LITR 5737: Literary & Historical Utopias
Copy of Midterm Assignment 200
7

(Updated 12-13 June. This is the official copy of the exam, to be used in place of the version in the syllabus.)

midterm exam (Monday, 18 June)

Basic information

Relative weight: 30-40% of final grade

Format: In-class or email; open-book and open-notebook

Date & time: On or before Monday, 18 June, during or around regular class schedule.  In-class students may the exam at from 3pm till 6pm.  Email exams are due by 8pm, 18 June.

Prep time and writing time: Spend about 3-4 hours writing the exam you will submit, but spend as much time preparing as you like (or can find). Preparations could include the usual review of notes and texts, but you are also permitted to outline and practice drafting. Outlines and previous drafts count as notes, which you may consult as you write your midterm for submission.

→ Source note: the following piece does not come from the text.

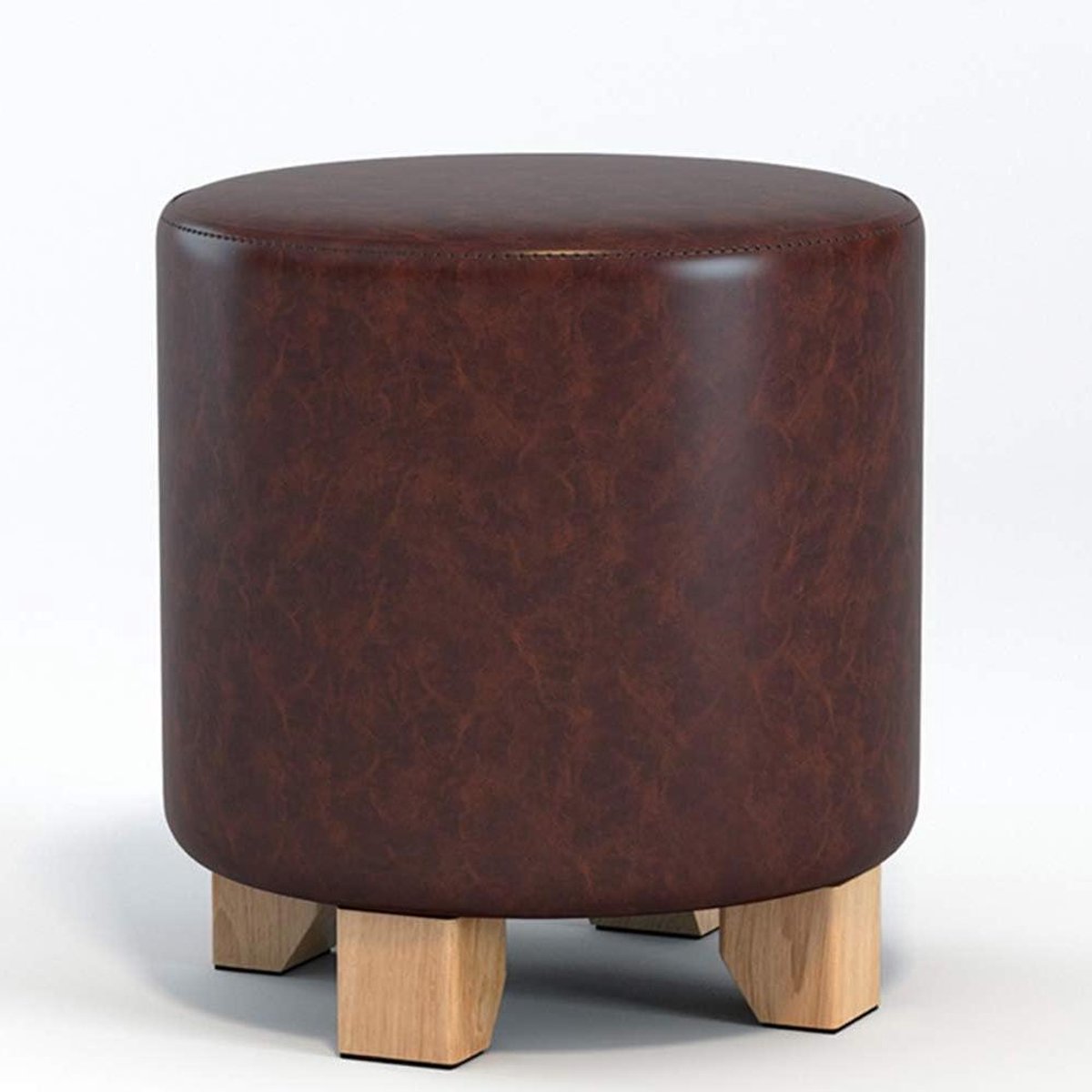 Houten Poef - Ottomaanse Kruk Voetenbank - Ontspannen Zitten - Zachte Spons Vulling - 29x29x30cm - Bruin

In-class materials: Write in blue or black ink in a bluebook or on handy paper. Fronts and backs, single-spacing acceptable.

Email: email a copy of your answers to instructor at whitec@uhcl.edu.

  •        The mistake students are most likely to make is to send it to “white” rather than “whitec”; if you send it to “white,” it goes to another teacher.

  •         Attach appropriate word processing file(s) to an email for whitec@uhcl.edu.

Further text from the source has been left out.